Chapter 21 #2

“Tell me something else,” Declan said, still close enough that the heat off his skin felt like a fire brand against my skin. “Not about missions. About you.”

“It’s a short list,” I said.

“Then start small,” Aidan murmured. “Favorite season.”

I huffed. “Winter. Easier to track. People make mistakes when they’re cold.”

Declan grinned. “Romantic.”

“I didn’t say I was fun,” I said, but the corner of my mouth traitorously lifted.

Aidan’s eyes warmed. “You like quiet places. That’s why you sit near the edges of camp, why you kept to the back when we were moving through the tunnels.”

“You profiling me?”

“Observing,” he corrected. “It’s how I keep people alive.”

Declan nudged my boot with his. “He means you.”

“I knew that,” I shot back, but I didn’t move my foot.

Edward was a statue at the door.
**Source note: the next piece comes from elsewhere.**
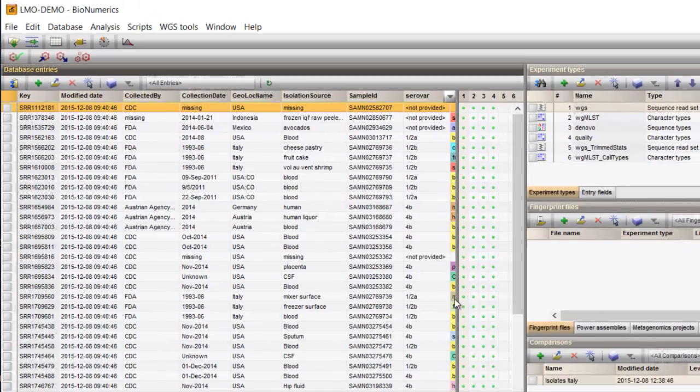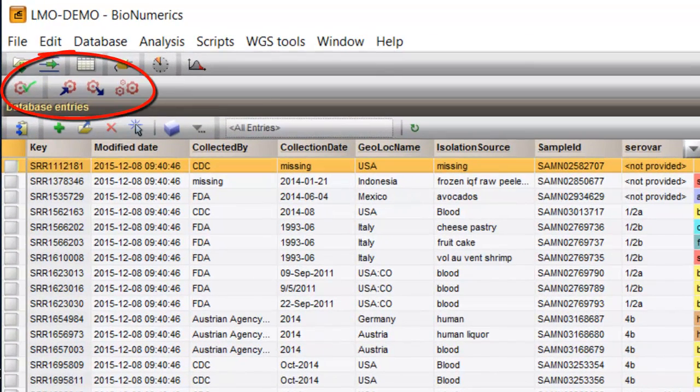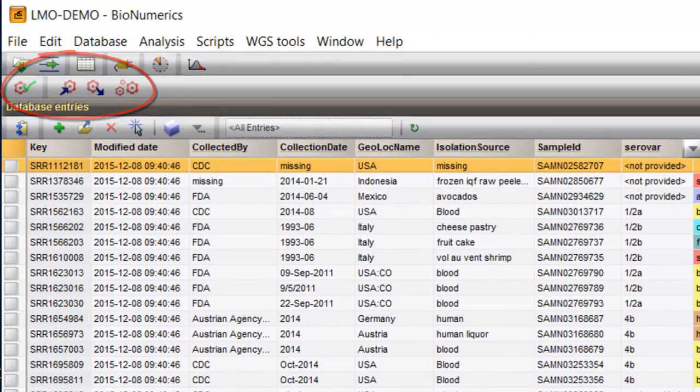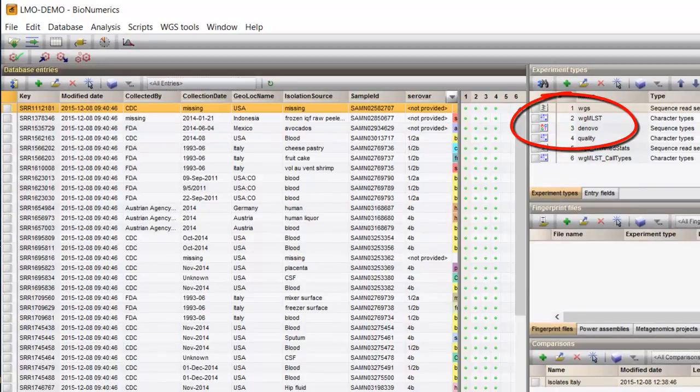Notice that these four buttons are added to the toolbar and these four experiment types are listed in the Experiments panel.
Logan pretended not to notice any of us and failed.

Declan tipped his chin at the faint scar on my forearm. “That one?”

I glanced down. “Rope burn. First extraction I led. We were too loud, and I paid for it.”

“Did you get them out?” Aidan asked.

“Yeah.” I rolled my sleeve back down. “Didn’t feel like a win though.”

“Some aren’t,” he said, like he knew the shape of that experience.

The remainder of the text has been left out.